The Court of Common Pleas of Delaware County offered the following summary of the relevant facts:

Around 6:00 a.m. on September 14, 2003, Ann Flood ("Flood") entered the Darby Borough Laundromat ("laundromat") at 516 Main Street in Darby, Delaware County. The only other person in the Laundromat was John Reider ("Reider"), the elderly owner. Half an hour later, Warren entered the laundromat and asked Reider for change. Warren returned several times to get change from Reider. A short time later, Flood turned around and saw Reider on the floor and Warren standing over him demanding "give me your money, give me your money." Flood observed a gun in Warren's hand while he patted Reider down. Warren dragged Reider into Reider's office in the back of the laundromat and shot him in the leg when he claimed that he had no money. Mortally wounded, Reider admitted that money was in the drawer. Warren seized the money in the drawer and asked where the rest of the money was located. Reider responded that the money in the drawer was all he had to open the store.
Warren asked Flood if she had any money, and she said she did not. Warren picked up Flood's pocketbook, threatening: "If I find out you're lying . . ." Warren ordered both Flood and Reider into the basement. Flood helped push Reider down the stairs, for he was unable to walk. While on the stairs, Flood observed Warren smoking something.
At this point, George Robinson ("Robinson") entered the laundromat. While Robinson was putting his clothes into a washing machine, Warren walked up to him, thrust a chrome-plated gun in his back, and demanded his money and car keys. Robinson gave Warren about $220 in cash and told him that the keys were in his 1996 Ford Crown Victoria in front of the laundromat. Warren ordered Robinson downstairs. Robinson waited downstairs for about ten minutes and then came up to check whether Warren was there. Finding the laundromat empty, Robinson called police.
Police and emergency medical technicians arrived several minutes later. Reider was rushed to the hospital, where he later died.
Commonwealth v. Warren, No. 5176-03, slip op. at 2-3 (Pa. Com. Pl. Aug. 15, 2006) [hereinafter Warren 2006] (footnote omitted) (citations omitted). After informing his girlfriend that he had robbed someone and taken a car, id. at 7, Petitioner was apprehended with crack cocaine on his person, id. at 6. He was read his Miranda rights, then gave a tape-recorded confession to the police. Id. at 7.

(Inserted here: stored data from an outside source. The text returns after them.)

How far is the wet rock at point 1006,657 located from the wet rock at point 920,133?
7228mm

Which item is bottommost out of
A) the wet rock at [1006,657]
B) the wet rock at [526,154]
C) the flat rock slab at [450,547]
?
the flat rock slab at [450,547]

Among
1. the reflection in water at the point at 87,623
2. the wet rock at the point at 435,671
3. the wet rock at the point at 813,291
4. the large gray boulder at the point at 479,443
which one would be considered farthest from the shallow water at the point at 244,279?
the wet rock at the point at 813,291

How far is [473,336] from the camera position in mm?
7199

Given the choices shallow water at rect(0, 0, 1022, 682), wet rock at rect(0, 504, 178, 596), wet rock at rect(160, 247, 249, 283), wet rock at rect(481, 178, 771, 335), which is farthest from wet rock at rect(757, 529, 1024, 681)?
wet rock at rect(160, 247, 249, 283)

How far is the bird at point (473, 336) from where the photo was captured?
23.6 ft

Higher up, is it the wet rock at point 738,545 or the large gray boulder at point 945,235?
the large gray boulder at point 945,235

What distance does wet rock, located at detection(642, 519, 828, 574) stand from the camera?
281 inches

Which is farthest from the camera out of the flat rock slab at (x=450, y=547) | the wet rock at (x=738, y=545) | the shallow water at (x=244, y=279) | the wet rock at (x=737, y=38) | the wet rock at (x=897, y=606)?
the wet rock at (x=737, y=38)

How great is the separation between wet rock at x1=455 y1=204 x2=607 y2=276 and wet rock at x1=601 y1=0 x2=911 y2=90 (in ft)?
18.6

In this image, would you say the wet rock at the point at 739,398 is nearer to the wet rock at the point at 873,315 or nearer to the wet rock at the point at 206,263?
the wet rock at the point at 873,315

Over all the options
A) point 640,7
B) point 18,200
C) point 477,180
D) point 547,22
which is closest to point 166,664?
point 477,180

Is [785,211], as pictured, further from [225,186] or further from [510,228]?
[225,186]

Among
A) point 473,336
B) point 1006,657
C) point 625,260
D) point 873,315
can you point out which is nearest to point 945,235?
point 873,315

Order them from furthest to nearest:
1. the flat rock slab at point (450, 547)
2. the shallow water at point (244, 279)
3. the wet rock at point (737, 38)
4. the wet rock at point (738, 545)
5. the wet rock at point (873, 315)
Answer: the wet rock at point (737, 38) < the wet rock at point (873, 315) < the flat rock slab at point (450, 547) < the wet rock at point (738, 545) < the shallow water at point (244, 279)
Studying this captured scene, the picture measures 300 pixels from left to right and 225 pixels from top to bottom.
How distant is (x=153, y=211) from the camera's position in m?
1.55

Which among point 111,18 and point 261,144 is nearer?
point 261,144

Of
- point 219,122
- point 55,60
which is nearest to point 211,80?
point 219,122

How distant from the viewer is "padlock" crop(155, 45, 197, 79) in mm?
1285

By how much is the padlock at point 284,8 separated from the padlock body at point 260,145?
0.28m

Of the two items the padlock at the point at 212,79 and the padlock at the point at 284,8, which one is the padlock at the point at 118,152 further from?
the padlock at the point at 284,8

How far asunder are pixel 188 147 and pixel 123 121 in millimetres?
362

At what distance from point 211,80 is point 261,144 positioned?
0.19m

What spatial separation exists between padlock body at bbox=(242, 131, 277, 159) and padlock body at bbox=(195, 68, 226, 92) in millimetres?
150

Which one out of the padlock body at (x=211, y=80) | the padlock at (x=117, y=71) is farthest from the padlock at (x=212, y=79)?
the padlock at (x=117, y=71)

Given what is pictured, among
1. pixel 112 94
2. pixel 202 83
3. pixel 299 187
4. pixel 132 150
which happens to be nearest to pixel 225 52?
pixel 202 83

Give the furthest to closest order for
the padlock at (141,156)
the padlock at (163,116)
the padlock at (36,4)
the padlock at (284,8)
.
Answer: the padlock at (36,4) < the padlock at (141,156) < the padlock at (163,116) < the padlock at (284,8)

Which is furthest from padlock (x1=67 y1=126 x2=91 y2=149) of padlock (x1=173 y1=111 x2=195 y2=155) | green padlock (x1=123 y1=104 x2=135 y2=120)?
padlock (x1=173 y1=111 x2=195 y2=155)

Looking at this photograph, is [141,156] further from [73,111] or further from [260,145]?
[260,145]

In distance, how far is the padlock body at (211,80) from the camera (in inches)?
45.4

In September 2005, Petitioner was found guilty of second degree murder, three counts of robbery, robbery of a motor vehicle, and possession of a controlled substance. Report & Recommendation ("R&R") 1. He was sentenced to life in prison for second degree murder, an aggregate term (to be served consecutively) of 10 to 20 years for robbery, a concurrent term of 5 to 10 years for robbery of a motor vehicle, and a concurrent term of 16 to 32 months for possession of a controlled substance. R&R 1-2.

Petitioner appealed his conviction, arguing that the trial court should have suppressed his post-arrest statement to the police. The Pennsylvania Superior Court affirmed his conviction on July 3, 2007. R&R 3. Petitioner then pursued collateral attacks to his conviction under the Post Conviction Relief Act ("PCRA"). The PCRA court found his arguments meritless, and the Pennsylvania Superior Court agreed on May 10, 2013. Id. at 4.

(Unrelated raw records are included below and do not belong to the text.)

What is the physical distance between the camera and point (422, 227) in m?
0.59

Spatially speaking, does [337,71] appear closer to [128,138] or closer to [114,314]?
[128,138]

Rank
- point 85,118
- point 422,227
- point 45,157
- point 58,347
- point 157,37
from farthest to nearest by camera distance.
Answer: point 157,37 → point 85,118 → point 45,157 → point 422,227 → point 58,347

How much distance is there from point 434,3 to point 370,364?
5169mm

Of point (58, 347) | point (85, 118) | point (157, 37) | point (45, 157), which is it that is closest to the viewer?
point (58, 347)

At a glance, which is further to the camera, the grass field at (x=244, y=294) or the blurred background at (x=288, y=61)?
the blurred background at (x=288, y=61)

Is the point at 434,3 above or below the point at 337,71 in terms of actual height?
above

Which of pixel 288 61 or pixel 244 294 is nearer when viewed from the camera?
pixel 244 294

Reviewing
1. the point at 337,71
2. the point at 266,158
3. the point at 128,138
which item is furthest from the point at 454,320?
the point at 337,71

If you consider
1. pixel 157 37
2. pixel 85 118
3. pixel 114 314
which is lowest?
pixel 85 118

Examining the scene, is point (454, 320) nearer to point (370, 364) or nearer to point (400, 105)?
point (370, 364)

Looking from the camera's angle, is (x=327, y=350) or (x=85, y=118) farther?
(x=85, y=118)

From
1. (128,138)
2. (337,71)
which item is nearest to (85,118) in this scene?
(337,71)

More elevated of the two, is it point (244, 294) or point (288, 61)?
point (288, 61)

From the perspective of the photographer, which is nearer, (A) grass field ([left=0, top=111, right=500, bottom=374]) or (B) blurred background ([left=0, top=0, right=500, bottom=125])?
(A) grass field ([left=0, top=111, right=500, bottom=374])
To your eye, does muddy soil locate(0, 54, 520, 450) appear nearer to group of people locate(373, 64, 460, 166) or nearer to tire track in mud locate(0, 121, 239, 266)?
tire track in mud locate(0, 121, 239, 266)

On January 21, 2014, Petitioner filed his Habeas Petition, asserting four claims for habeas relief: (1) the police lacked probable cause to arrest him; (2) the trial court erred by denying his motion to suppress his inculpatory statements; (3) trial counsel was ineffective for failing to request a jury instruction concerning the lack of voluntary confession; and (4) trial counsel was ineffective for failing to employ an expert to testify about the effects of the crack cocaine Petitioner was allegedly on during police questioning. ECF No. 1. Respondents answered, arguing that all of Petitioner's claims are non-cognizable and/or meritless. ECF No. 8. Judge Heffley entered a Report and Recommendation on August 29, 2014 (ECF No. 9), and Petitioner filed objections (ECF Nos. 10, 11). The Habeas Petition is now ripe for disposition.

II. LEGAL STANDARD

The Court may refer an application for a writ of habeas corpus to a U.S. Magistrate Judge for a report and recommendation. 28 U.S.C. § 636(b)(1)(B). A prisoner may object to the magistrate judge's report and recommendations within fourteen days after being served with a copy thereof. See § 636(b)(1); E.D. Pa. R. Civ. P. 72.1(IV)(b). The Court must then "make a de novo determination of those portions of the report or specified proposed findings or recommendations to which objection is made." § 636(b)(1). The Court does not review general objections. See Brown v. Astrue, 649 F.3d 193, 195 (3d Cir. 2011) ("We have provided that § 636(b)(1) requires district courts to review such objections de novo unless the objection is not timely or not specific." (internal quotation marks omitted)). The Court "may accept, reject, or modify, in whole or in part, the findings or recommendations made by the magistrate judge." § 636(b)(1).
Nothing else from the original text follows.